We affirm. Based upon our review of the record as a whole, a significant change of circumstances has occurred since the original order of October 19, 1996. Primarily, the change of circumstances involves a change in the desire of the child to visit his father in prison. Initially, the child agreed to the visitation with petitioner, but since that time has developed extremely strong wishes to the contrary. The record demonstrates an adequate basis for the change of heart and when considered with the reason for petitioner’s incarceration and his attempt to involve the child in a resumption of contact with the victim, the best interest of the child requires the modification as requested.

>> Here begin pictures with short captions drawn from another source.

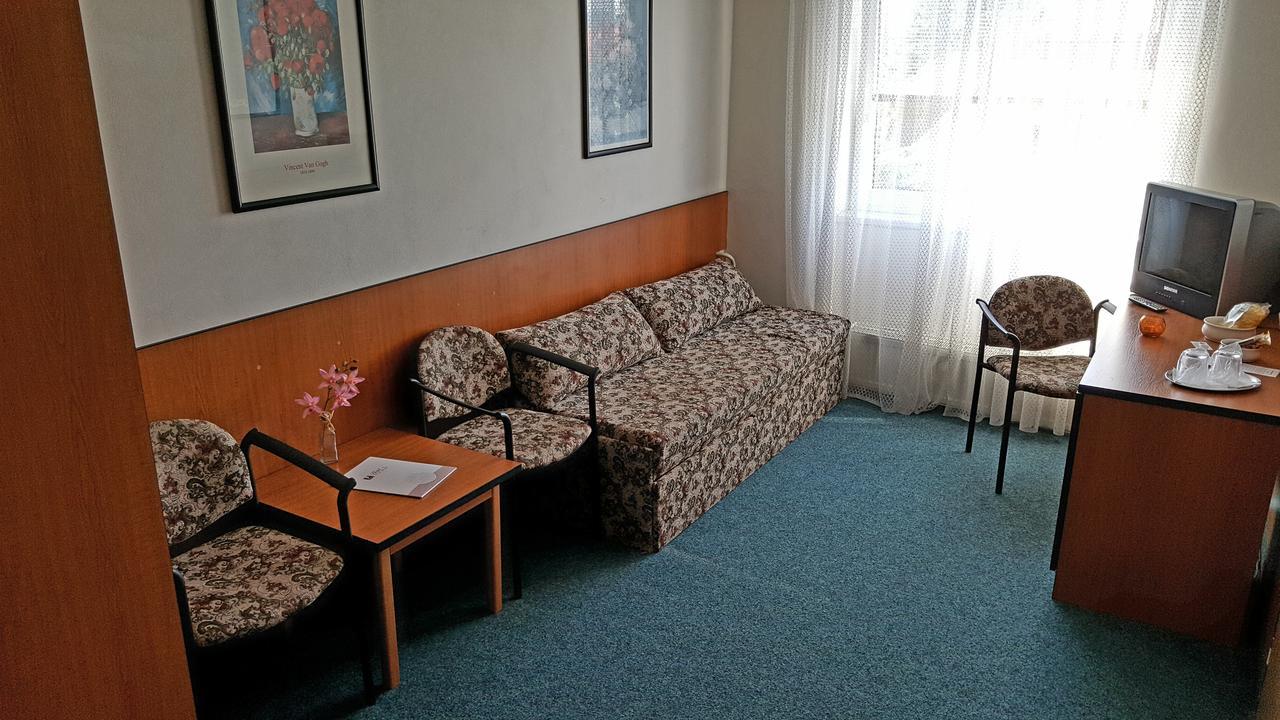Hotel Morava Uherské Hradiště エクステリア 写真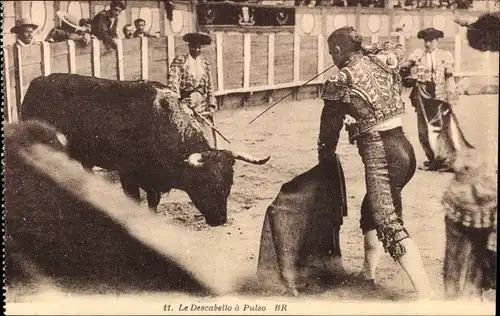 Ak Corrida de Toros, le Descabello a pulso, Stierkampf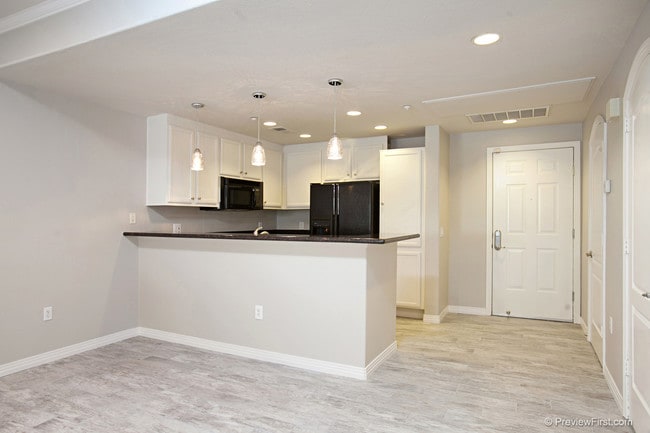 Photo - 1501 India St Unit 213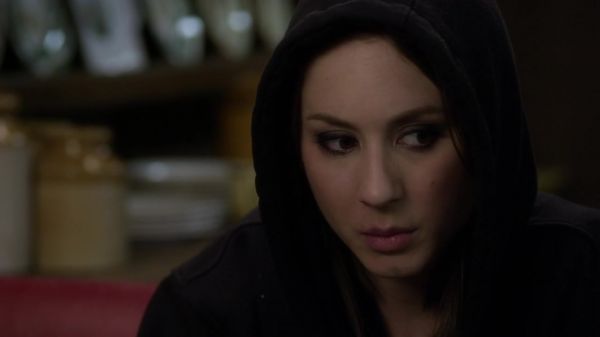 Pretty_Little_Liars_S03E24_BluRay_Rip_720p_Dual_Audio_WWW_TORRENTDOSFILMES_COM_0902.jpg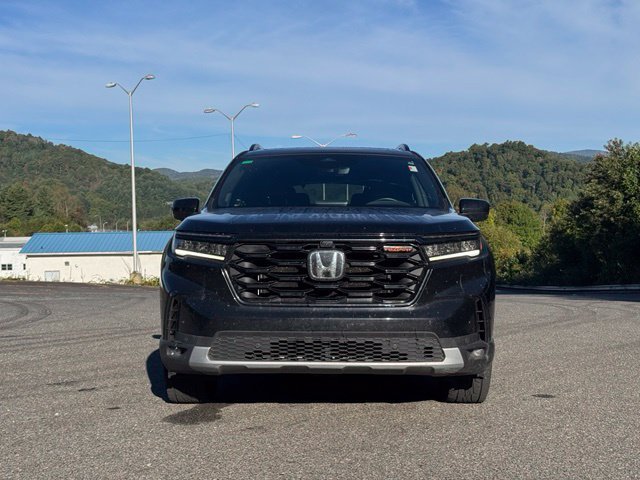 Used 2025 Honda Pilot TrailSport image 2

We also affirm the dismissal of that portion of the petition which seeks to commence a CPLR article 78 proceeding against the Department of Social Services. Although the order of dismissal does not recite the rationale of the court, it is clear that Family Court lacked jurisdiction of this proceeding. CPLR *743article 78 proceedings must be commenced in the appropriate Supreme Court (CPLR 7804 [b]). The record clearly demonstrates that there was no substantive discussion of petitioner’s proposed order to show cause between the court and the opposing parties, but given the lack of jurisdiction to issue the order to show cause and entertain the petition, no error arises from the failure of the court to give petitioner the opportunity to argue. We have examined petitioner’s remaining contentions and find them to be without merit.

Cardona, P. J., Mikoll, Crew III and Yesawich Jr., JJ., concur. Ordered that the orders are affirmed, without costs.